Adaptors were trimmed from raw reads using Trimmomatic v0.35 (Bolger et al., 2014) (with the setting conditions: sliding window: 4 bp, minimum average PHRED quality: 10; minimum read length: 40bp). To obtain an accurate assembly of transcripts, we applied Trinity v20140413p1 (Grabherr et al., 2011) and PASA v2.0.2 (Haas et al., 2003) to reconstruct transcripts for every gene. For the Trinity de novo and genome-guided assembly (assembly number: ASM52419v1), we used the default parameters. Tophat 2.0.8 (Kim et al., 2013) was implemented to map the trimmed reads to the E. granulosus genome with a maximum of two mismatches. Minimum and maximum fragment sizes were set at 300 and 500 bp, respectively. The remainder of the parameters were left as default. Differential expression analysis between time points was performed using DESeq (version 1.24.0) after counting the number of reads per transcript using featureCount v1.4.6 (Liao et al., 2014). Significance was assessed as having an experiment-wide FDR < 0.05 (calculated using the Benjamini–Hochberg method) and a fold-change value >2 or <0.5.

miRNA Analysis

Small RNA reads were first trimmed from the 5′ adapter sequence through FASTX toolkits1. Then, we removed low quality sequence reads and collected small RNAs ranging from 18–30 nucleotides.
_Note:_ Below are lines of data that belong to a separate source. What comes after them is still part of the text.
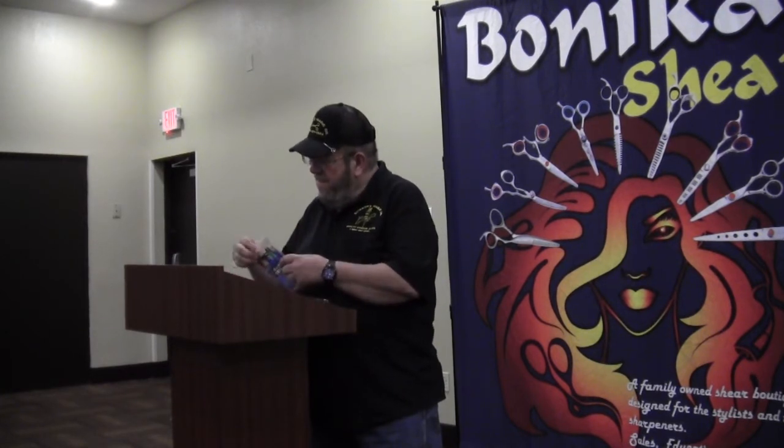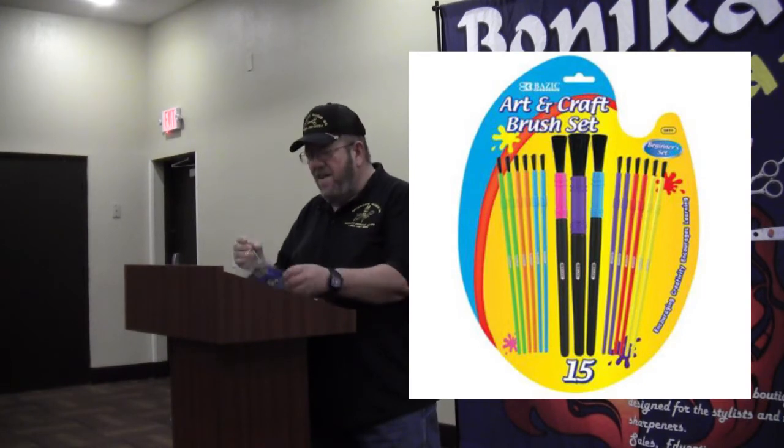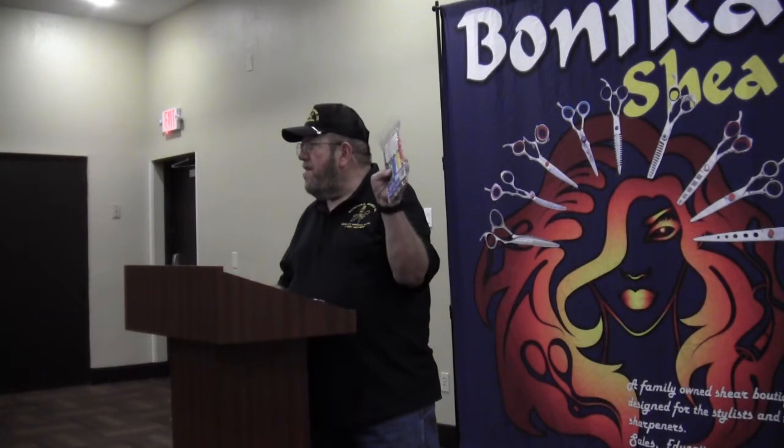My idea — I saw some of these in Walmart one night. I've used them before. Little paintbrushes. There are three paintbrushes, all-time colors too, 98 cents for this type of paintbrush.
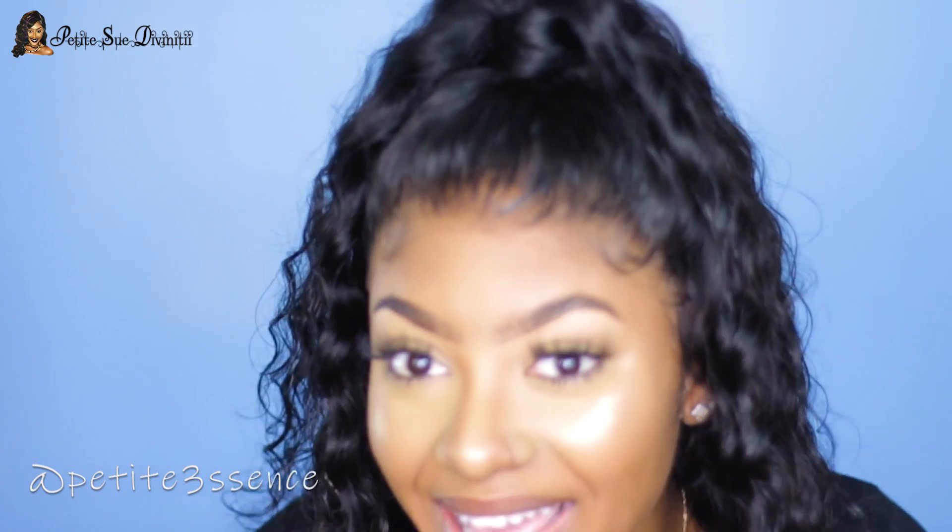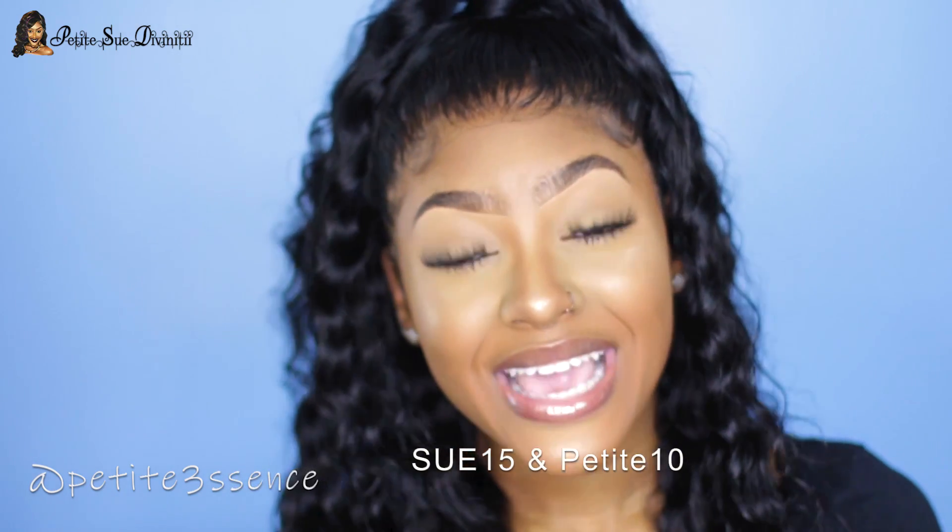That's pretty much it for this video! I'm happy I could show you guys a detailed, updated video on laying laces and laying your wig. I hope this helped — if it did, give it a thumbs up. Check the description box for all the details on this gorgeous wavy wig. It's light, soft, silky, and looks so natural. The direct link will also be there — it's up on my personalized page on rpghere.com. My discount codes are SU15 and PETITE10. Until next time, I'm your girl Petite — go and make up yourself!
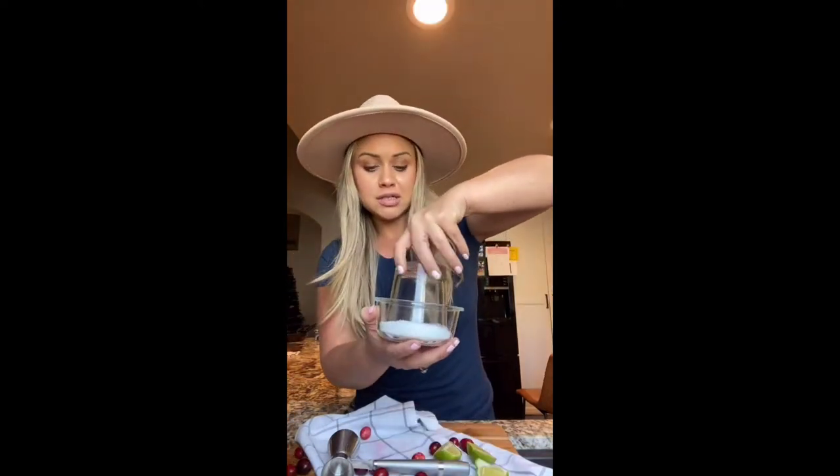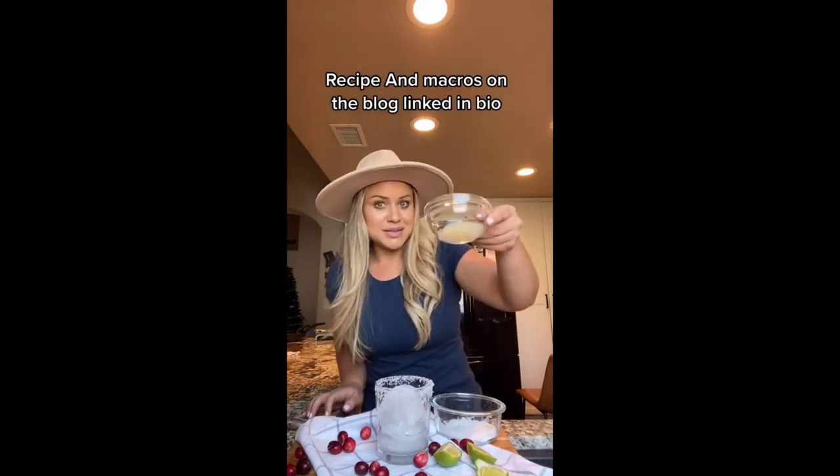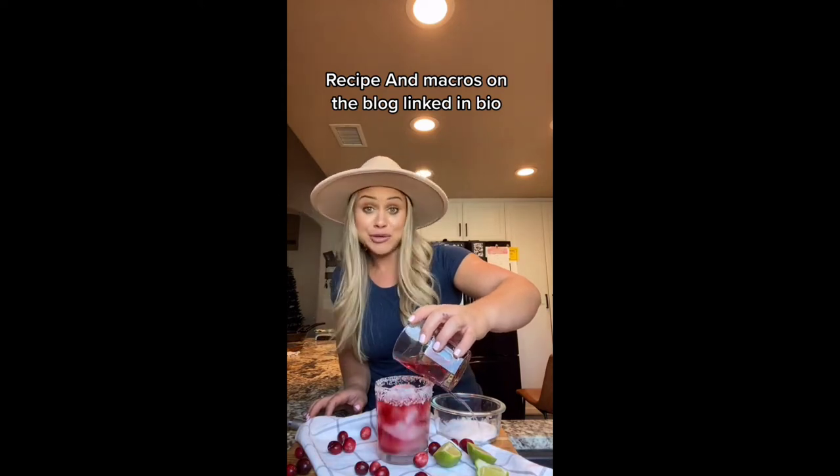Start with a lime wedge and rim your glass, then dip it in salt. Carefully add your ice, then add tequila to your heart's content — maybe just a splash more. Add some lime juice.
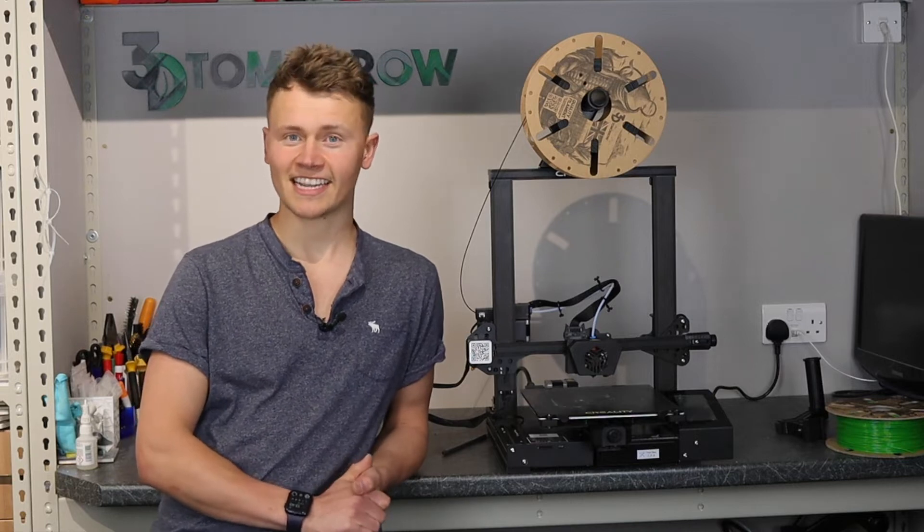Hey guys, Callum here, and in today's video we're going to be reviewing the Creality CR6 SE. Let's get started.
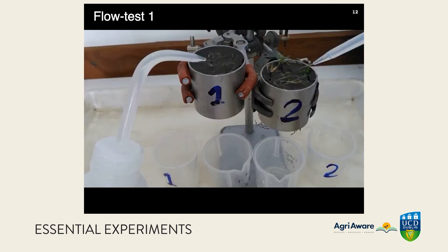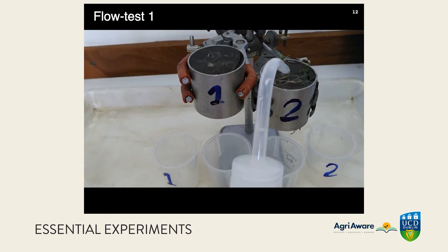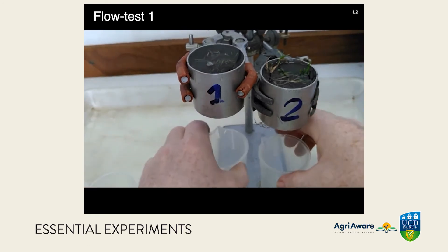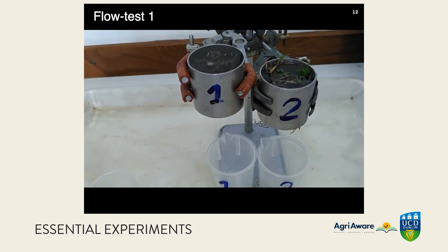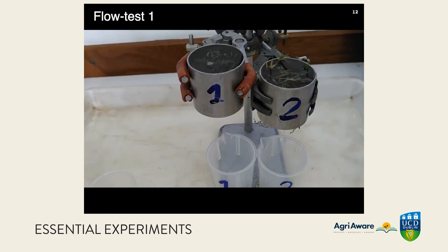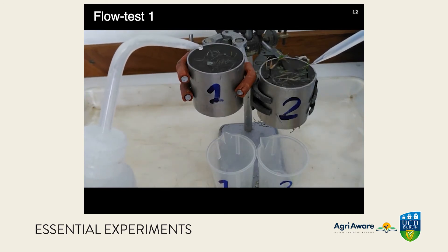Now starting flow test one. Getting the ring completely filled with water so the meniscus is bulging above the top edge of the ring. Starting the timer — it takes a couple of seconds to swap the beakers, but we correct for that at the end. We then leave them to run for three minutes, keeping the water topped up to the standard level, which is the top edge of the ring in both cases.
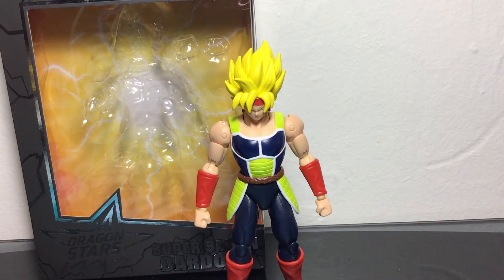Hey guys, Book1590 here, coming to you with another action figure review. This time we're looking at the Dragon Ball Super Dragon Star series, Super Saiyan Bardock.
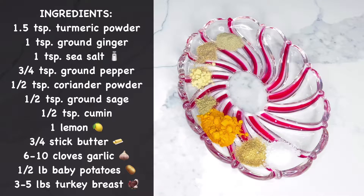Hello beautiful people! Today we're making a delicious roasted turkey breast using turmeric powder and ground ginger.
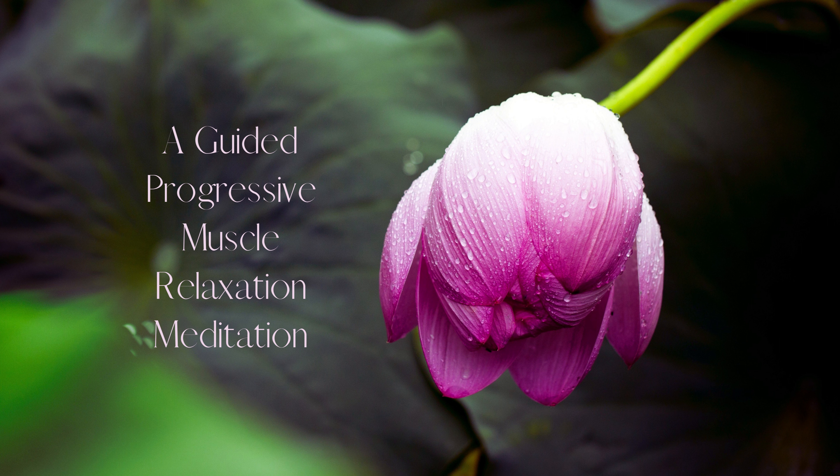Move to your neck. Tense the muscles in your neck by tilting your head forward. Hold for a count of five. Then release and feel the tension in your neck disappear. Take a deep breath in and exhale slowly.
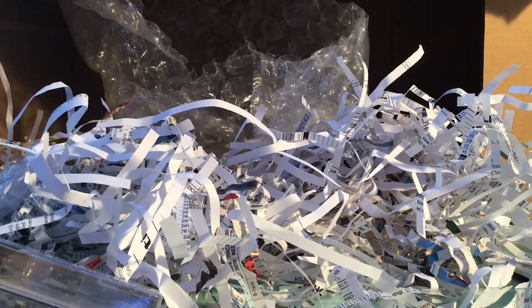Tune in for the next video to see when I take all this stuff and look at it individually. Goodbye.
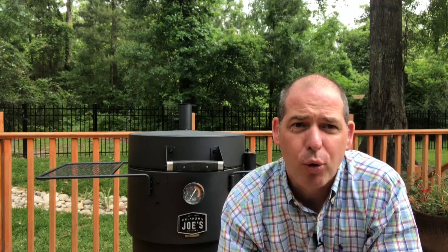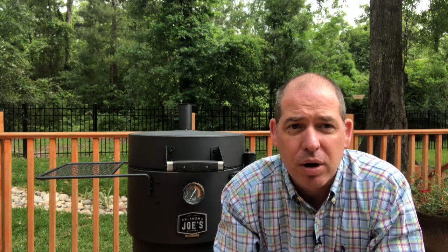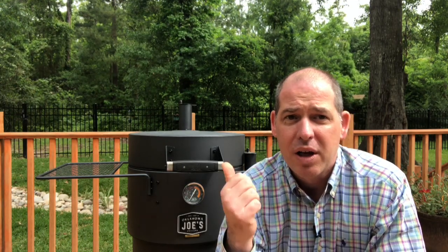One of the design features of the Oklahoma Joe Bronco Drum Smoker is that it has supporting brackets for an upper grate position and a lower grate position, but it only comes with a single grate. I talked to the guys at Oklahoma Joe and they sent me a second grate to play around with. Now this grate isn't even available on the website yet, so I'm pretty sure this is the only Oklahoma Joe Bronco that has two grates in it. So today we're going to do barbecue history and do the first two-grate cook on the Bronco Drum Smoker.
After removing duplicated sequences from the initial dataset, we compared all sequence tags against a database of known miRNA2, and profiled every annotated miRNA in each library. We discarded all sequences matching with known E. granulosus rRNA, tRNA, snRNAs, mRNAs, and repeat sequences in the E. granulosus genome. The remaining unique sequences were predicted by miRDeep 2.0.7 (Friedlander et al., 2012) and miRNA candidates were selected based on the criteria described previously (Bai et al., 2015). All known or novel mature miRNAs were counted by the quantifier module of miRDeep2 and relative expression levels were calculated by counting the numbers of respective miRNA reads normalized to the total number of annotated miRNAs (TPM) in each library. After log2 transformation of each expression value (TPM + 1), differential expression between the two developing directions was evaluated using DEGSeq. The significance value was adjusted using FDR (Benjamini–Hochberg) to correct for multiple testing.

miRNA Target Prediction

3′-untranslational regions were determined using the pipeline described in a previous study (Macchiaroli et al., 2017). We used complete gene structures reconstructed by PASA analysis. Only sequences located at the 3′ untranslated region of predicted genes were regarded as potential 3′-UTR sequences. The 3′-UTR sequences were extracted from the E. granulosus genome and length distribution analysis was performed using R custom scripts. Then, two algorithms, miRanda (Enright et al., 2003) and TargetScan, were used to predict the target genes of all mature miRNAs. The miRanda Energy thresholds were set at ≤-20 kcal/mol and other thresholds used a default value (score threshold, 140; gap-opening penalty, -9; gap-extend penalty, -4).

Functional Annotation

Novel transcripts, including alter splicing transcripts of known genes and new identified unigenes, were determined by PASA. Each alter splicing transcript was supported by at least two uniquely mapped reads. Unigene sequences were aligned to the non-redundant protein database (nr) using BLASTX (E-value < 10–5) for obtaining both protein and functional annotation information. Based on the annotations in the protein database, Blast2GO program3 was used to obtain GO annotations for the DEGs. Then, the hypergeometric test was used to classify the GO category, and the FDR was calculated to correct the P-value. KEGG pathway analysis was carried out using the KEGG Automatic Annotation Server for ortholog assignment and pathway mapping4. The hypergeometric test was used to assess significant pathways of enrichment.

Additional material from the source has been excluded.